Re: Continuation of my 1943 WM20 saga

I agree with Ron.

The weld as shown in the second black and white photo seems to have been a bit thick, and so the side plates are not able to be fully tightened up to the fork itself. Then the main stem does not seem to be tightened up to the headstock - and that will have the bike wandering all over the road. It is possible to put washers under the side plates, although I don't recommend it as anything other than a bodge. The weld needs to be redone.

Best wishes,

Allan

email (option): allanmatchless@yahoo.com

Re: Continuation of my 1943 WM20 saga

I have a crack in the lower rear frame tube. It to was poorly done.
I saw a very neat idea. You cut a piece if replacement tube. Then the drilled a slot into both ends. Then a smaller diameter tube is inserted into both ends. Then a stub was welded to the inserted tube so when placed into position the stub can be used to place the tube into the other end of the original tube. Weld everything up and grind off the stubs.
I wished I could draw a picture. They say a picture is worth a thousand words.

email (option): cbhaws@verizon.net

Re: Continuation of my 1943 WM20 saga

Thanks Everyone . Great info and ideas. Definitely plan to make the forks right. It is the only suspension after all and a saftey concern . So - Long forks? Was that an option in 43 or do you think these forks are not original to the bike? If not, any reason to search for the correct ones rather then fix these??? Just asking . I don't plan at this time to do a nut and bolt restoration but I always say that just before a do a nut and bolt restoration .. lol

email (option): wadeschields@mindspring.com

Re: Continuation of my 1943 WM20 saga

The short forks are typical for the Deluxe model M20 fitted with a brake rod. At some point later in 1940, the fork length was increased by 1/2" to give some extra ground clearance I guess. BSA's idea to make up the difference at the center mudguard support was a crude 1/2" long hex spacer. Which you can see in the picture I posted above. Ron

email (option): ronpier@talk21.com

Re: Continuation of my 1943 WM20 saga

Another fork question. Did the 1943 forks have the Steering Dampener or not? And What is the difference between the forks the have a knob on both sides of the forks and the ones that dont?
Which one is wright for 43? Knob on both sides or just on one side?

email (option): wadeschields@mindspring.com

Re: Continuation of my 1943 WM20 saga

The steering damper was deleted by 1943.
M20's only ever had one fork damper knob (on the right side) Some of the earlier bikes had no hand wheel and had to be adjusted with a spanner. In fact apart from Royal Enfield models which had a hand wheel both sides (left and right hand threads) I can't think of any other British WD bike that had two. Ron

email (option): ronpier@talk21.com

Re: Continuation of my 1943 WM20 saga

Dampers on both sides were fitted to some pre WWII bikes
Would have to spend too many hours looking up parts books to give a definative answer
The M23 Empire Stars & I think M24 Gold Stars had double dampers and the deluxe versions of everything else .
Std versions only got the one
Left & right are the same just flipped over
Pre war ones are usually steel and mostly chrome plated ( deluxe bikes had more chrome ) .

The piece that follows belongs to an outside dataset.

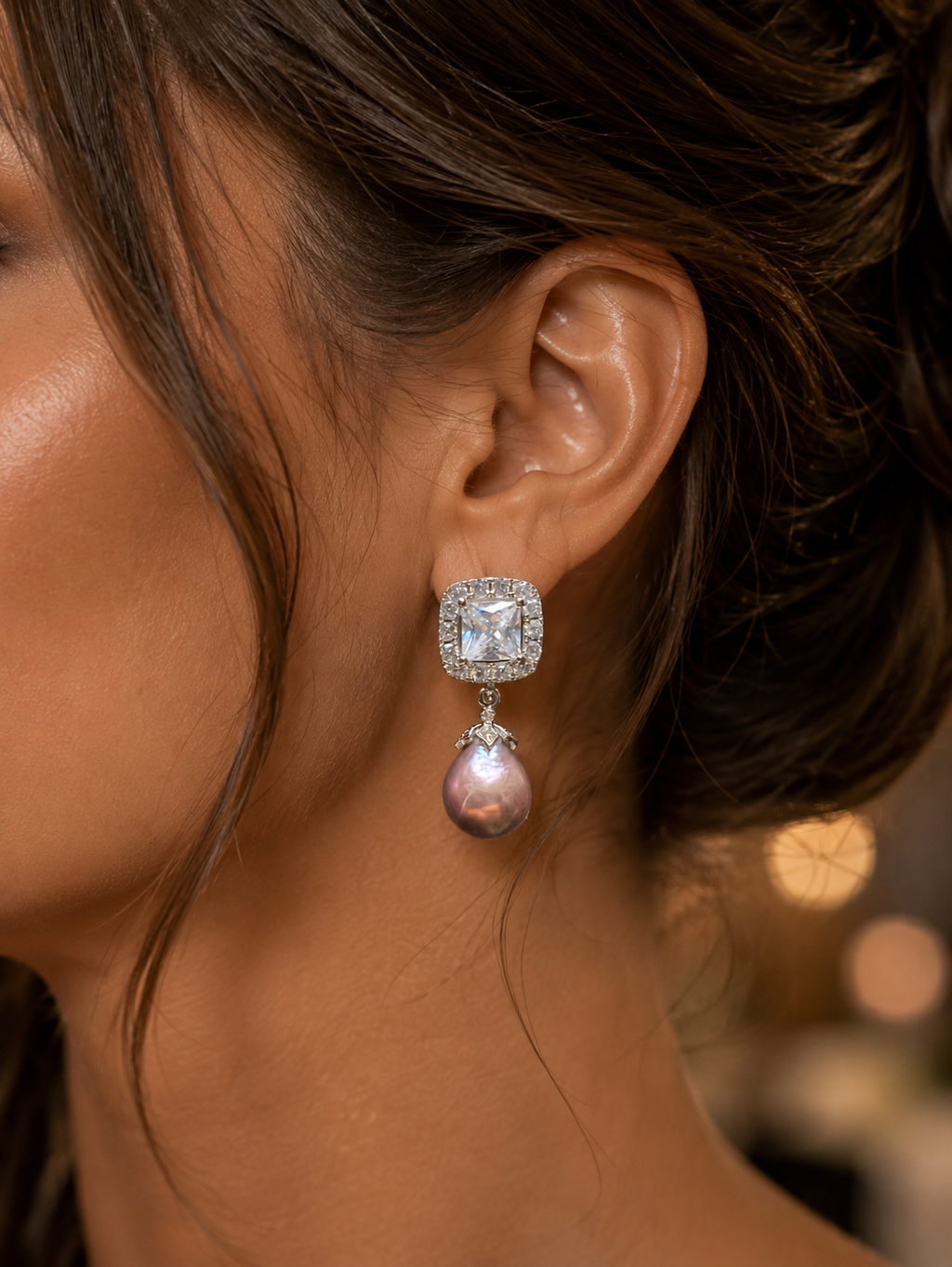 Freshwater Pearl with Clear Crystal studs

email (option): bsansw1@tpg.com.au

Re: Continuation of my 1943 WM20 saga

Interesting Trevor! However I don't think Pre War civilian bikes have any relevance to the enquiry? Ron

email (option): ronpier@talk21.com

Re: Continuation of my 1943 WM20 saga

I decided to make a deal for these forks. They seem to fit the bill.... by the photos and descriptions of what should be on my 43.

As long as they are nice when they are delivered I will be happy with the deal I was able to make for them..
Then I would say the build can begin...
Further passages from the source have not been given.